START LISTED RECORDS
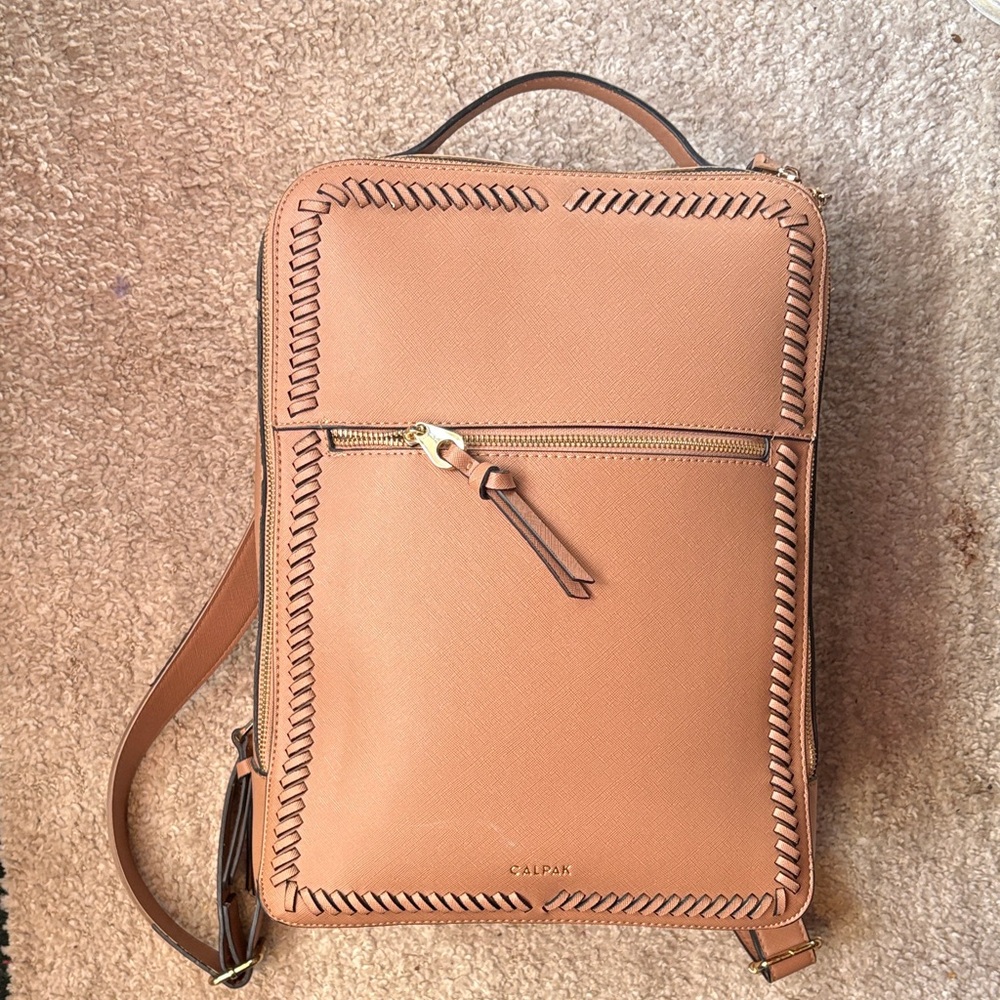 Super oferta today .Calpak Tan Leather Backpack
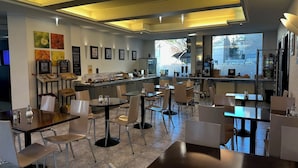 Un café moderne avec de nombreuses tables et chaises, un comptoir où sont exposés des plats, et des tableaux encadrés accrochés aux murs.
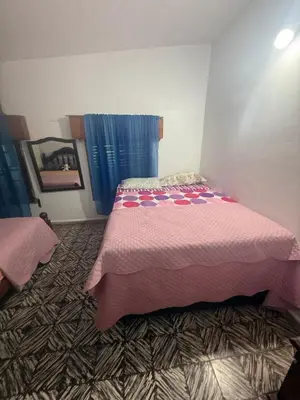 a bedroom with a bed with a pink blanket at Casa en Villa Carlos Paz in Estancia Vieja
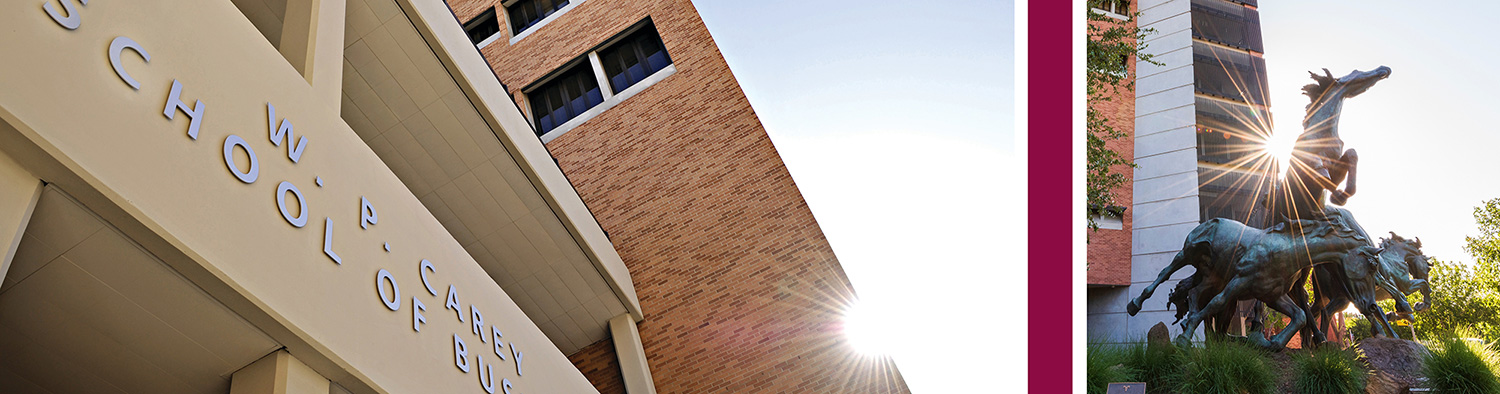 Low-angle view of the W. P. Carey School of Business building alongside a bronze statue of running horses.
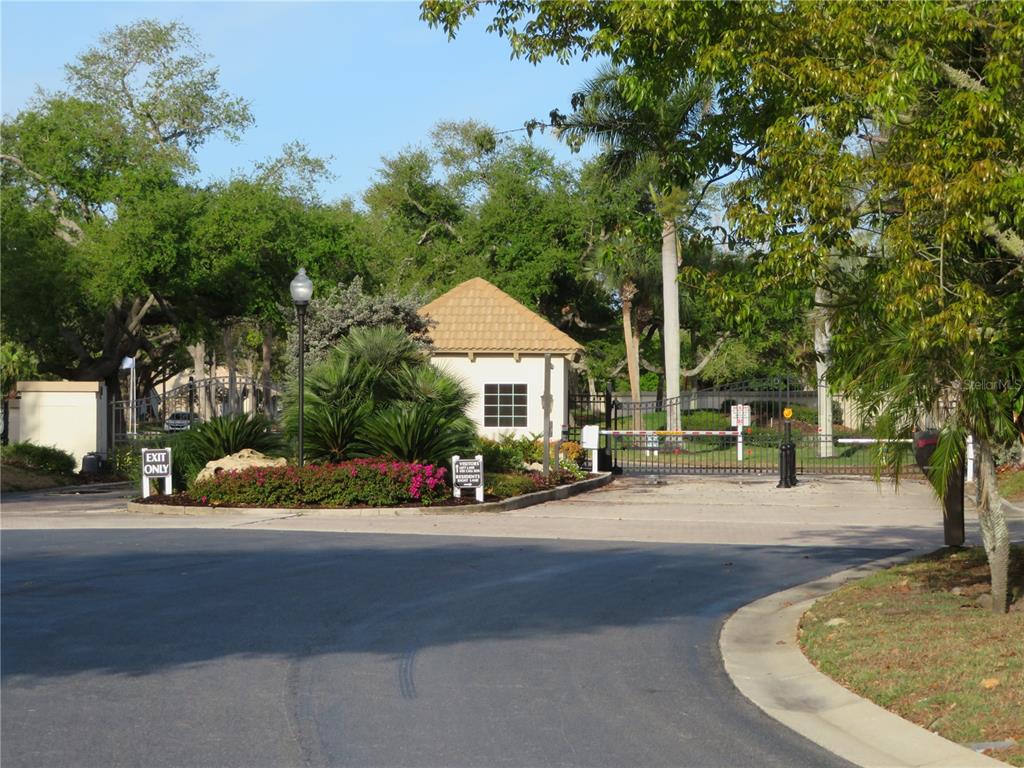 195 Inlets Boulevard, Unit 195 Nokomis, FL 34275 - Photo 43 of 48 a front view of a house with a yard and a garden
END LISTED RECORDS
=== AIM OF THE TASK ===
Each entry is to be returned as it stands, and each picture is to be left out.

=== TASK RESULT ===
 Super oferta today .Calpak Tan Leather Backpack
 Un café moderne avec de nombreuses tables et chaises, un comptoir où sont exposés des plats, et des tableaux encadrés accrochés aux murs.
 a bedroom with a bed with a pink blanket at Casa en Villa Carlos Paz in Estancia Vieja
 Low-angle view of the W. P. Carey School of Business building alongside a bronze statue of running horses.
 195 Inlets Boulevard, Unit 195 Nokomis, FL 34275 - Photo 43 of 48 a front view of a house with a yard and a garden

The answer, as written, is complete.